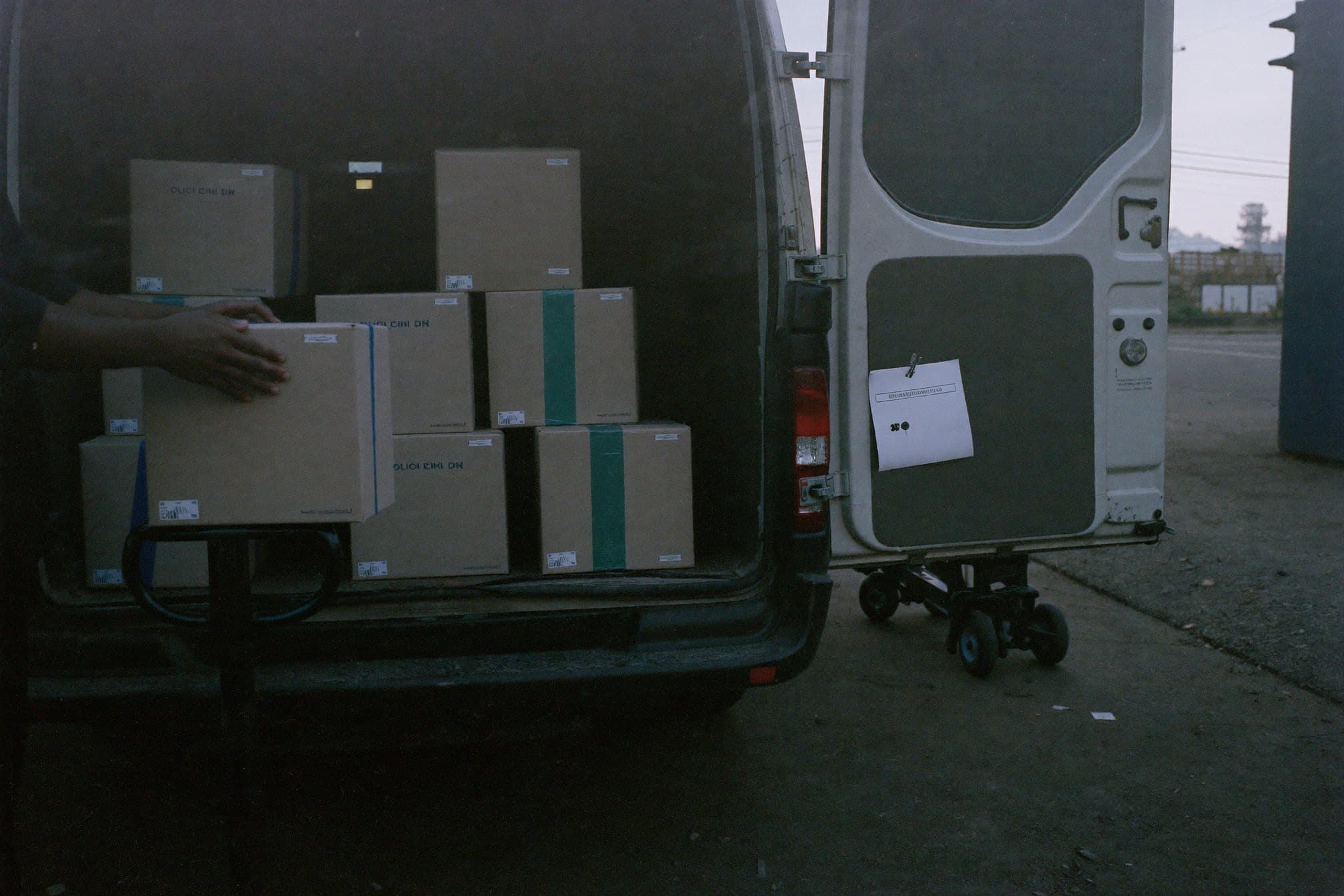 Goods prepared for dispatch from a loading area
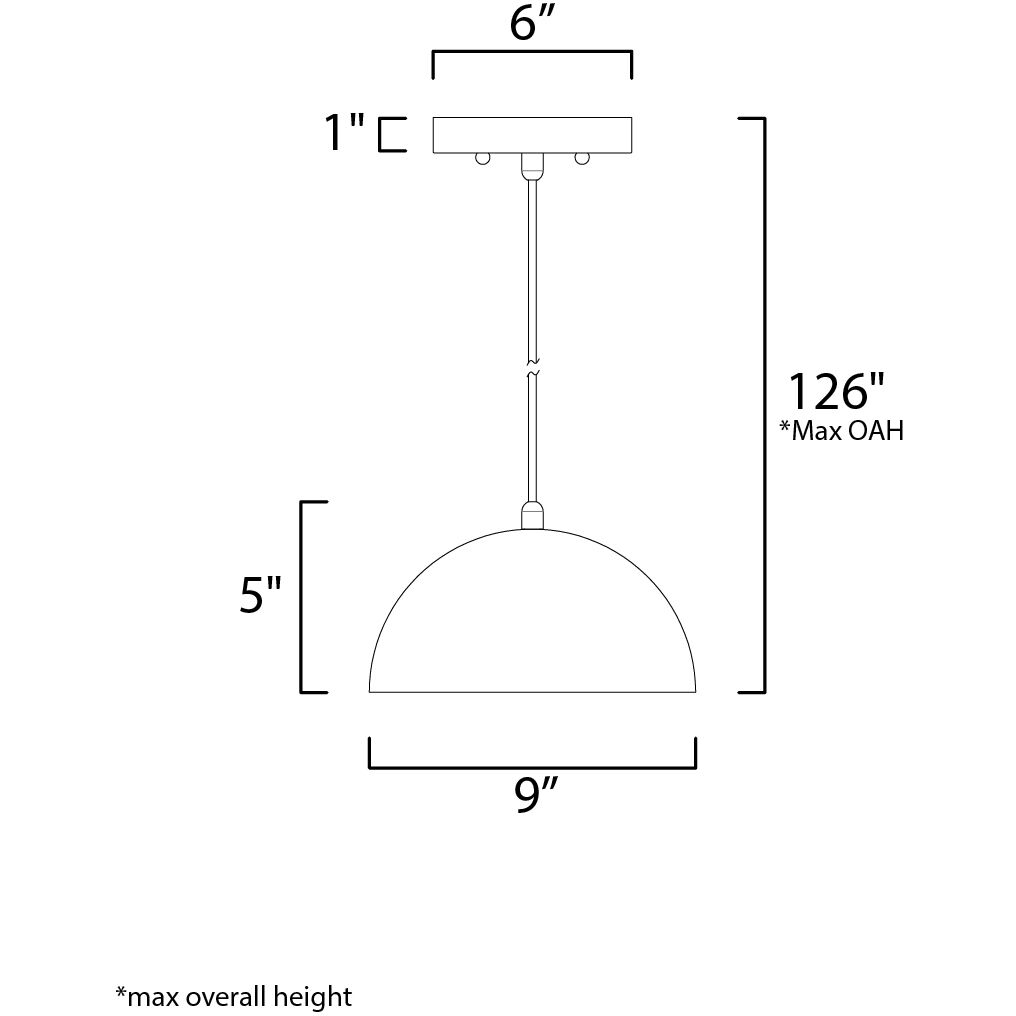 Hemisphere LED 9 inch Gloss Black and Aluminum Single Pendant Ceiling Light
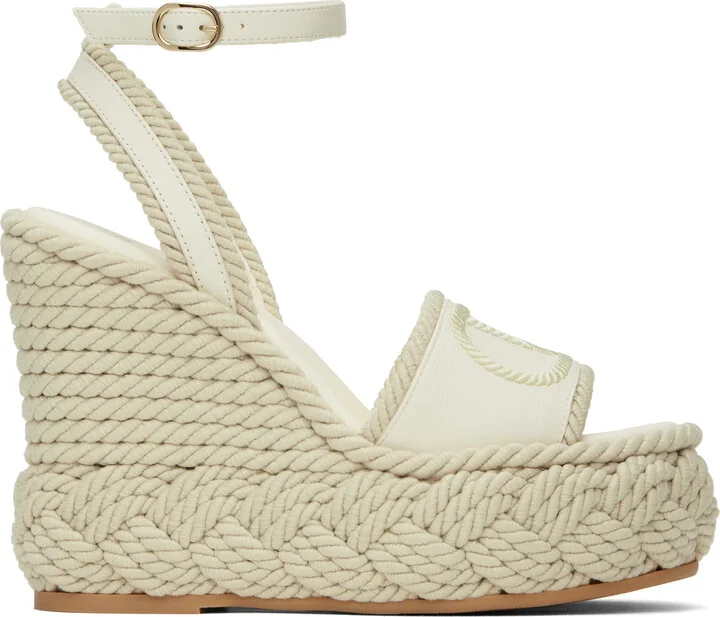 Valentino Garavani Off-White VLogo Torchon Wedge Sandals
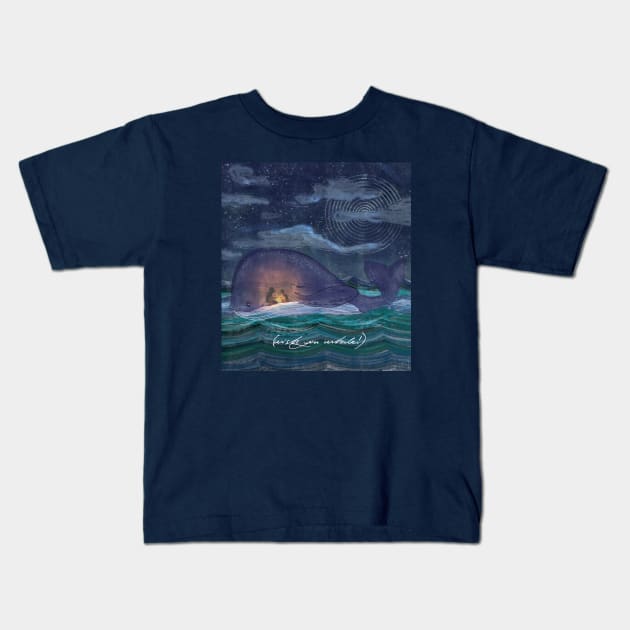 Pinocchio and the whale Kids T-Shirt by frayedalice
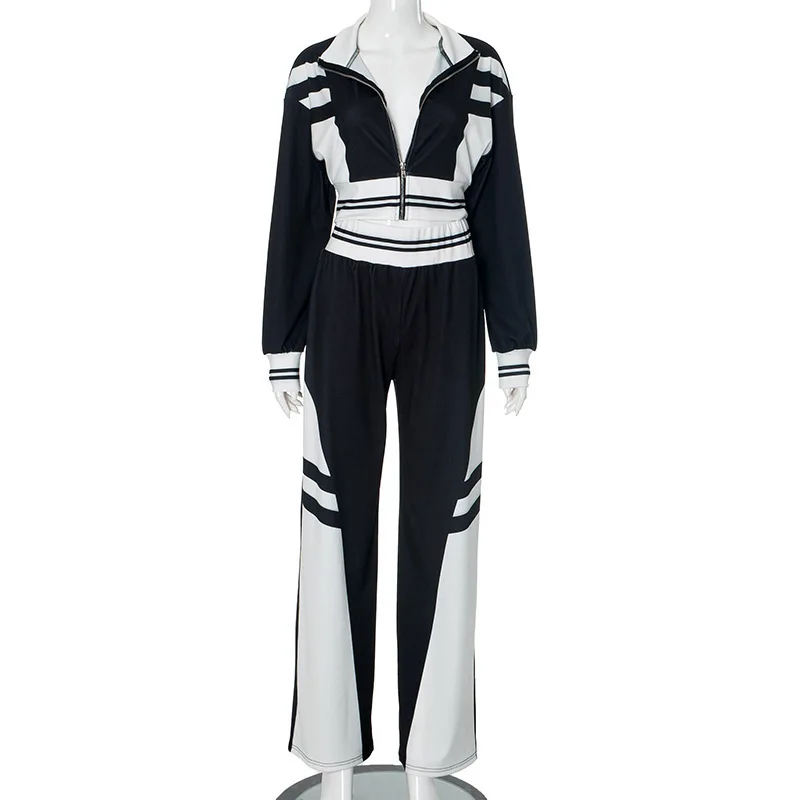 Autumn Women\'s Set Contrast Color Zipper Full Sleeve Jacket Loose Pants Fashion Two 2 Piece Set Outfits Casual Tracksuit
+-------+
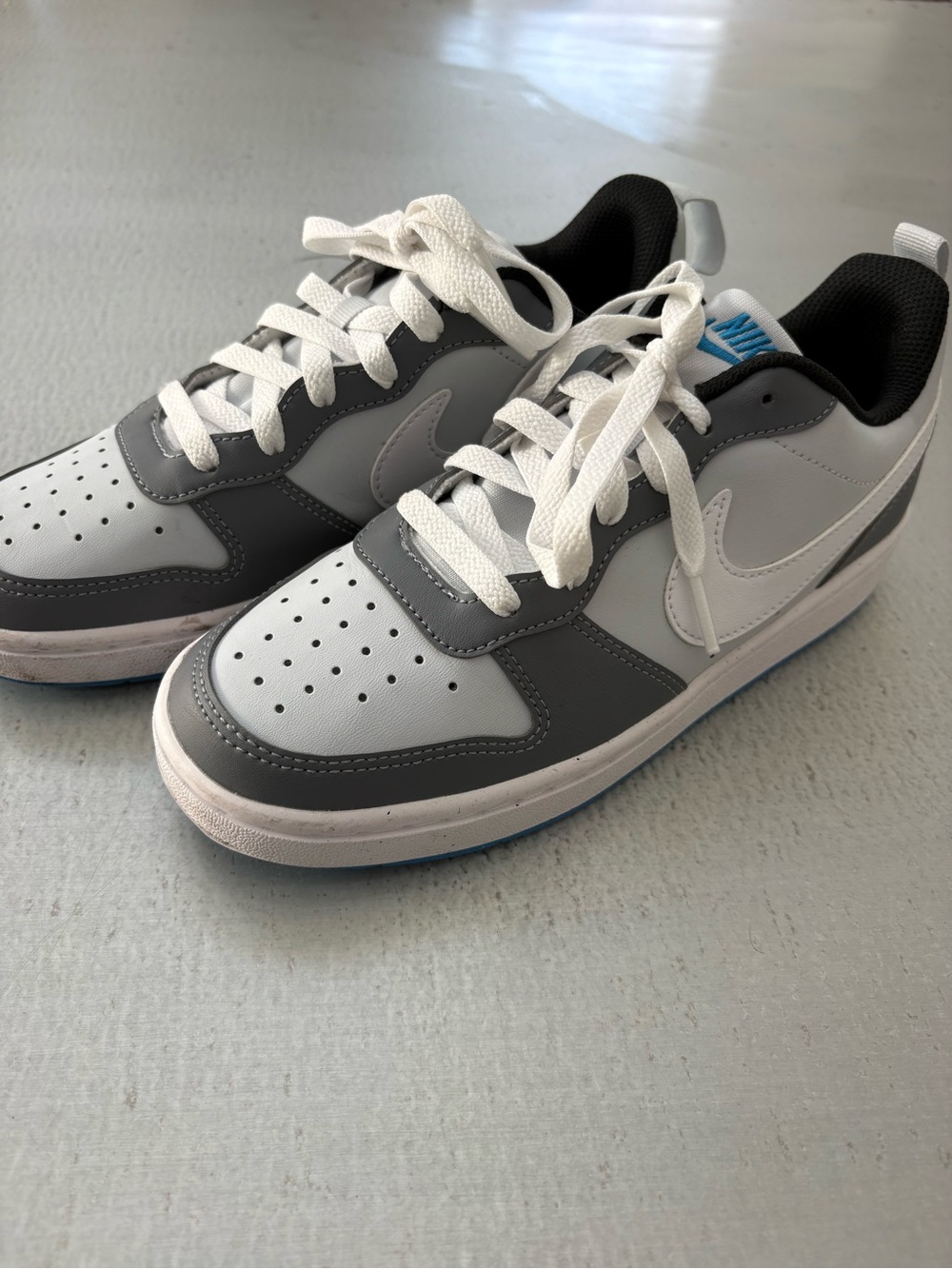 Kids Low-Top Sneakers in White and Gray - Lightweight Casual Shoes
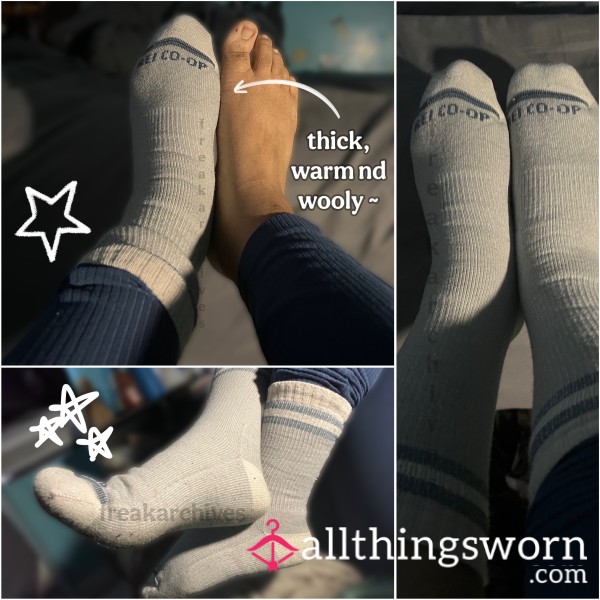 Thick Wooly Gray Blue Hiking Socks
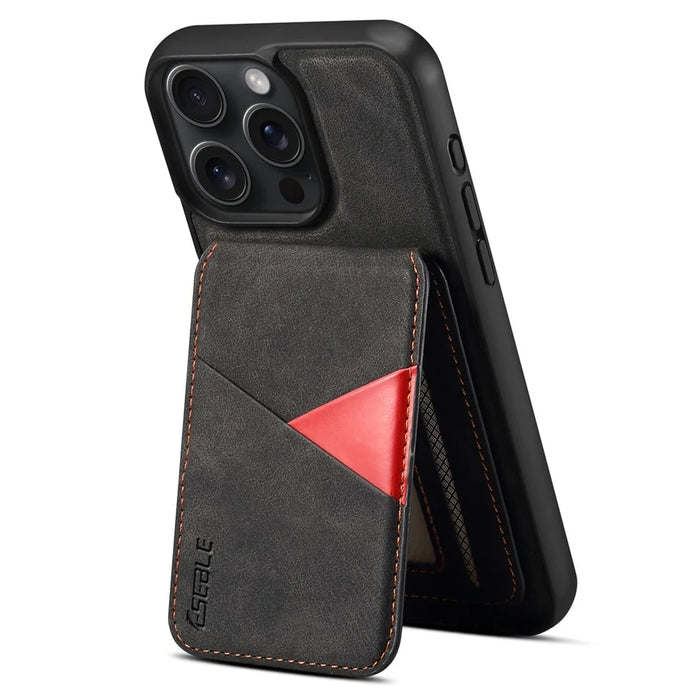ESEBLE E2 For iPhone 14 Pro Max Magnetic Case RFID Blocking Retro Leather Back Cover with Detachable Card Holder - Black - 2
+-------+
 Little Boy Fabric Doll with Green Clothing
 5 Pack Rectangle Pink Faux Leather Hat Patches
+-------+
#### WORK INSTRUCTION:
Retype exactly the lines above, from the one with "Little Boy Fabric Doll with Green Clothing" through the one with "5 Pack Rectangle", inclusive.

#### YOUR SOLUTION:
 Little Boy Fabric Doll with Green Clothing
 5 Pack Rectangle Pink Faux Leather Hat Patches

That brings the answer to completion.